=== Supplied information ===

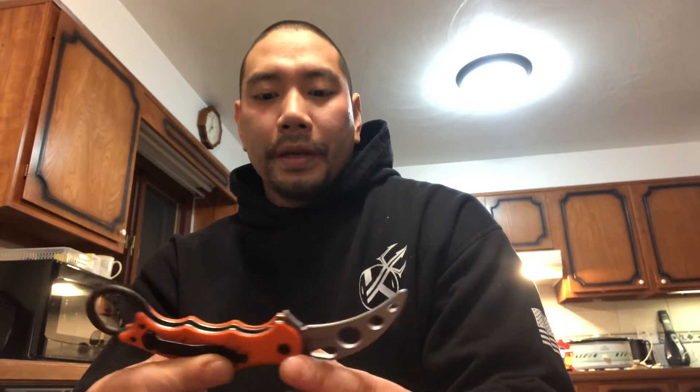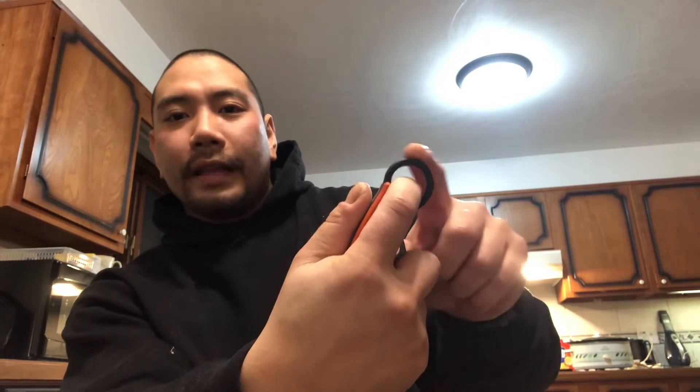The Fox 599 karambit — I carry it, though I don't practice with it as much as I probably should. The wave feature, the little hook portion right here, is meant to catch on your clothing to deploy it. I really like it. It's heavy enough where, like I said in a previous video, I don't have to carry a live blade for this to be considered a self-defense tool. If you want to strike someone in the face with just an undeployed karambit, right there — they're going to feel it.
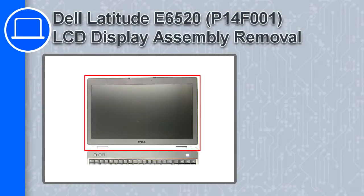What's up, this is Ricardo, and in this video I'll show you how to remove the LCD display assembly from a Dell Latitude E6520.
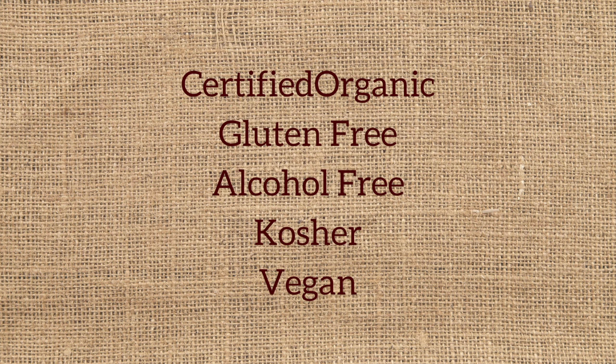How to Make the Perfect Wine Gift Basket will also show you what to look for on wine labels when you're making organic, gluten-free, alcohol-free, kosher, or vegan wine gift baskets.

===

**Exercise goal**
Pictures are to be omitted; otherwise, write out the data exactly as it appears.

**Response box**
The Fox 599 karambit — I carry it, though I don't practice with it as much as I probably should. The wave feature, the little hook portion right here, is meant to catch on your clothing to deploy it. I really like it. It's heavy enough where, like I said in a previous video, I don't have to carry a live blade for this to be considered a self-defense tool. If you want to strike someone in the face with just an undeployed karambit, right there — they're going to feel it.
What's up, this is Ricardo, and in this video I'll show you how to remove the LCD display assembly from a Dell Latitude E6520.
How to Make the Perfect Wine Gift Basket will also show you what to look for on wine labels when you're making organic, gluten-free, alcohol-free, kosher, or vegan wine gift baskets.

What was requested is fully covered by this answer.